You should have noticed by now, how we rely on “id” fields to present in all tables. I am not sure if this should be enforced or configurable. In over 10 years I haven’t seen a case where table couldn’t have id column. I mean – people do design tables with weird keys or without keys at all, but only as design decision and not limitation.

Much stricter towards validated SQL

We have been relying on mysql quoting in $dq->where(‘id’,$_GET['id']) for a long time. However in some development approaches people need to sneak in custom code into the query. $dq->where(‘id=’.$myvar); is no more secure and will not do any quotes anymore.

New dsql implementation will not allow this syntax anymore. Arguments should be what they are and this way we eliminate possibility of developer to sneak data through it. We on other hand should provide a better argument support. You have seen join() syntax:

function join($table_or_dq, $our_field=null, $their_field=null, $join_type=’inner’);

We can almost always figure out what’s their field is – “id”. And our field is simple to figure out by $table.’_id’), this is true in many database designs. But even if you do

$dq->join($_GET['join'], $_GET['ourfield'], $_GET['theirfield'], $_GET['type']) – it would be safe with the dsql doing validations and checks on the arguments.

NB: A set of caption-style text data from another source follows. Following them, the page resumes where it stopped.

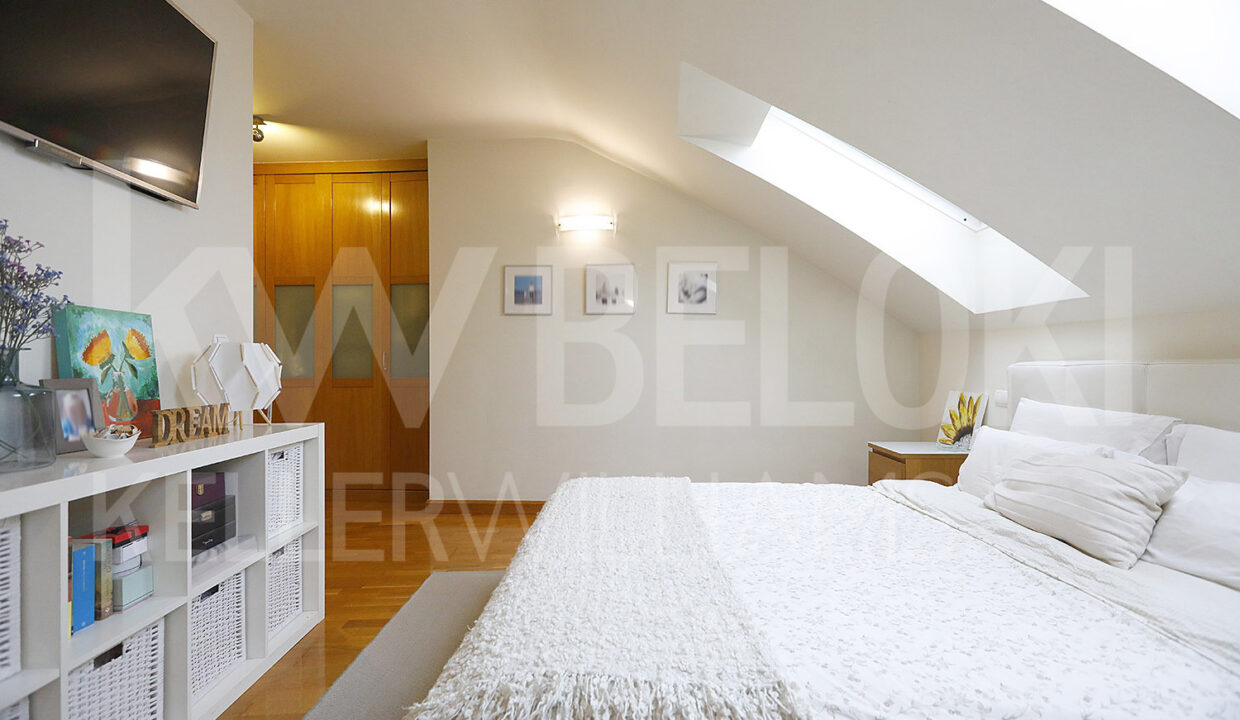 Roberto-Beloki-P2032-25-M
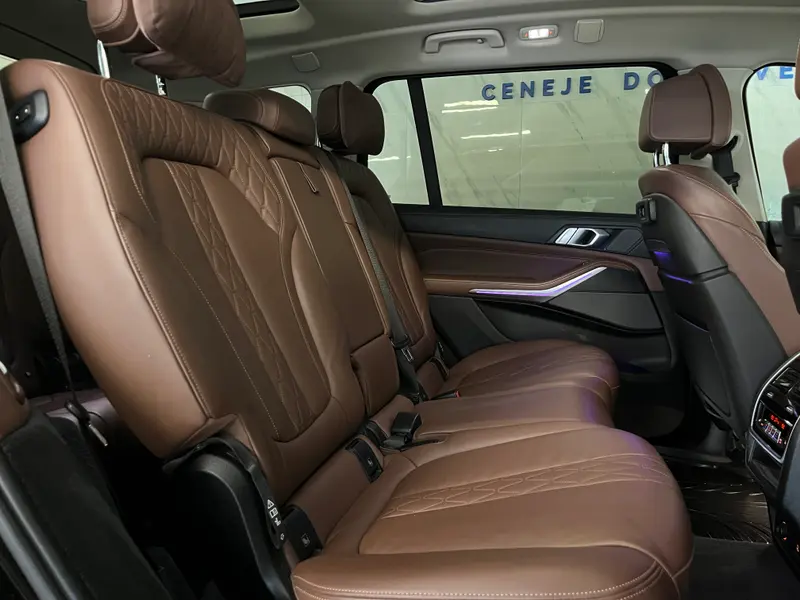 BMW serija X7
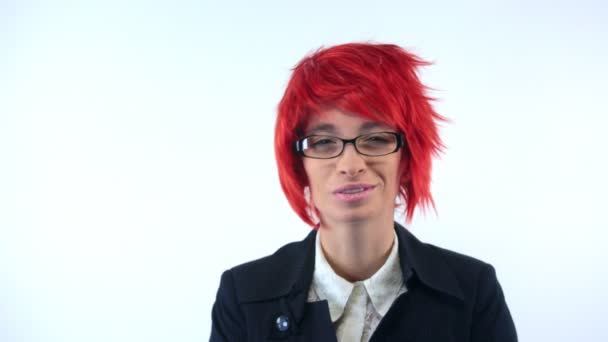 Frau mit roter Perücke spricht in die Kamera — Stockvideo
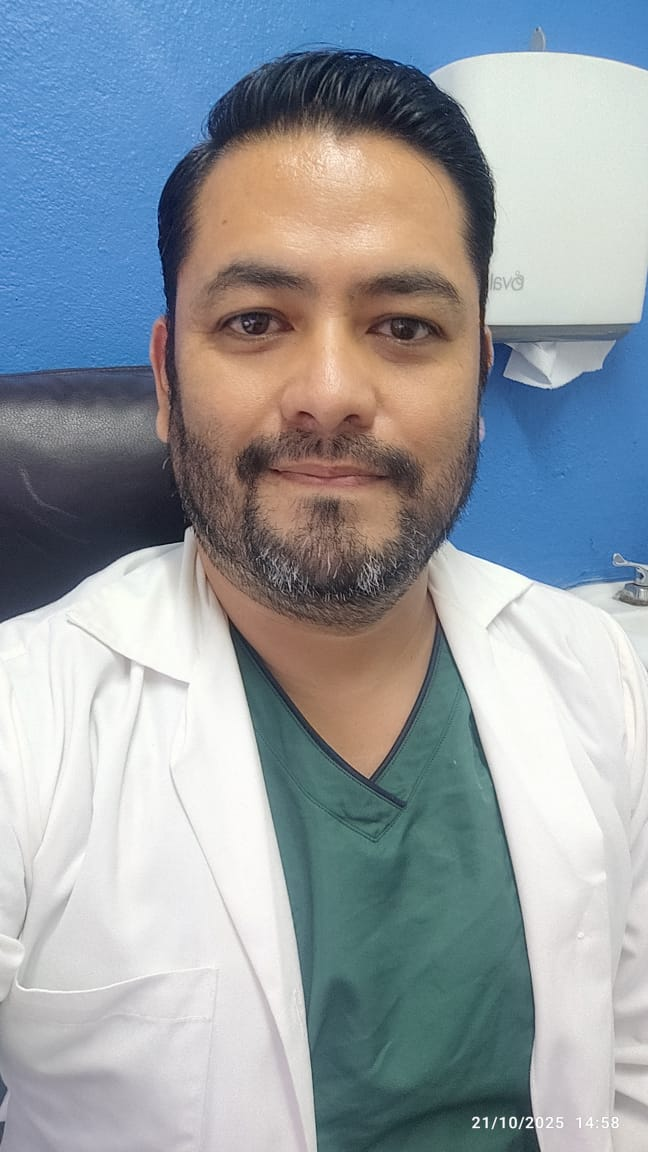 Dr. Fausto Álvarez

Conditions and Expressions

Another weak point where developers of 3.8 would want to inject some SQL code was where() clause. New implementation of where() takes very radical approach. Here are some samples:

  • ->where(‘myname’,'John’);    // compatibility. First argument can be field. (WHERE myname=:arg)
  • ->where(‘=’,$q->getField(‘myname’),’John’);    // first argument can be operator, but you’ll need to wrap fields into objects returned by getField()
  • ->where(‘or’,$q->expr(‘myname’,'John’),$q->expr(‘!=’,$q->getField(‘myname’),’Peter’)); // (WHERE myname=:arg1 OR myname != :arg2)
  • ->where(‘in’,$q->getField(‘age’),array(1,2,3,4))
  • expressions can also be passed to set()
    • ->set(‘ts’,$q->expr(‘now’));
    • ->set(‘password’,$q->expr(‘md5′,$mypass));

If you feel that this implementation could pose a security concern, tell me about the case.

Sub-selects

Expressions are compatible with other dsql objects, for instance:

  • $q->where(‘status’,$this->api->db->dsql()->table(‘statuses’)->field(‘id’)->where(‘active’,'Y’)); // WHERE status in (SELECT id from statuses where active=:arg)
  • However to avoid alias clashes and add ability to cross-reference fields, use this syntax:
  • $q->where(‘sattus’,$q->addSubSelect()->table(‘statuses’)->field(‘id’)->where(‘active’,'Y’));
  • $q->table(‘employee’)->field(‘name’)->field(
    • ($q2=$q->addSubSelect())->table(‘salaries’)->field($q2->expr(‘max’,$q2->getField(‘salary’)))->where($q2->getField(‘employee_id’),$q->getField(‘id’))
    • ,’max_salary’);
    • Result: SELECT employee.name,(SELECT MAX(salaries.salary) from salary WHERE salary.employee_id=employee.id) max_salary from employee;

If you are getting scared by syntax, note that you don’t need to do it in one line, you can have several lines to build expressions and join them together.

Bottom-line

The new approach might seem more complex, but it’s designed to work best with Model structure, where developer would hardly even use dsql. All this functionality is still in a planning / prototype state, so any feedback would be very appreciated.